PROBLEM TO SOLVE –
From the records below, output exactly the lines running from the line containing "Volkswagen Tiguan (2025)" through the line containing "Citroën Berlingo - 1.6", and no others.

──────── PROVIDED RECORDS ────────

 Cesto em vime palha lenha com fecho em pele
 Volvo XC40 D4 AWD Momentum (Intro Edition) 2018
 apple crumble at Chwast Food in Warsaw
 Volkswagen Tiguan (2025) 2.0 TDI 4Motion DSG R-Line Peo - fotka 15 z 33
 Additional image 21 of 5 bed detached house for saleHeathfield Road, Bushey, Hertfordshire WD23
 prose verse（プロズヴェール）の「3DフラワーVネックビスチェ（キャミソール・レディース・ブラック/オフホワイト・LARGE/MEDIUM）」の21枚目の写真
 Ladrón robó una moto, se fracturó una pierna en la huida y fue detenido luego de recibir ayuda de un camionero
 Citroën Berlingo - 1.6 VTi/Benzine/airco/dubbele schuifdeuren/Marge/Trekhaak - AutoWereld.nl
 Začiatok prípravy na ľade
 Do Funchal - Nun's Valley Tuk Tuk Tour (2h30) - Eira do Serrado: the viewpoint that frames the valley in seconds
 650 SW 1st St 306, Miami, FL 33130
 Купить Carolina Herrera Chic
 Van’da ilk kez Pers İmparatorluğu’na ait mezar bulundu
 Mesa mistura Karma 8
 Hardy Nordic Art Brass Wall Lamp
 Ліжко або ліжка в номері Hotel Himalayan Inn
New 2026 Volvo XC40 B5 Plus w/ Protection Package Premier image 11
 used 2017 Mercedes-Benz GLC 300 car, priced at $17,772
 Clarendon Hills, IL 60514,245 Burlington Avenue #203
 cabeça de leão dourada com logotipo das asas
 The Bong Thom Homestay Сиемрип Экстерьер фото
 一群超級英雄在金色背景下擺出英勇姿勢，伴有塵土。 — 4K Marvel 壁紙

────────

EXERCISE OUTPUT –
 Volkswagen Tiguan (2025) 2.0 TDI 4Motion DSG R-Line Peo - fotka 15 z 33
 Additional image 21 of 5 bed detached house for saleHeathfield Road, Bushey, Hertfordshire WD23
 prose verse（プロズヴェール）の「3DフラワーVネックビスチェ（キャミソール・レディース・ブラック/オフホワイト・LARGE/MEDIUM）」の21枚目の写真
 Ladrón robó una moto, se fracturó una pierna en la huida y fue detenido luego de recibir ayuda de un camionero
 Citroën Berlingo - 1.6 VTi/Benzine/airco/dubbele schuifdeuren/Marge/Trekhaak - AutoWereld.nl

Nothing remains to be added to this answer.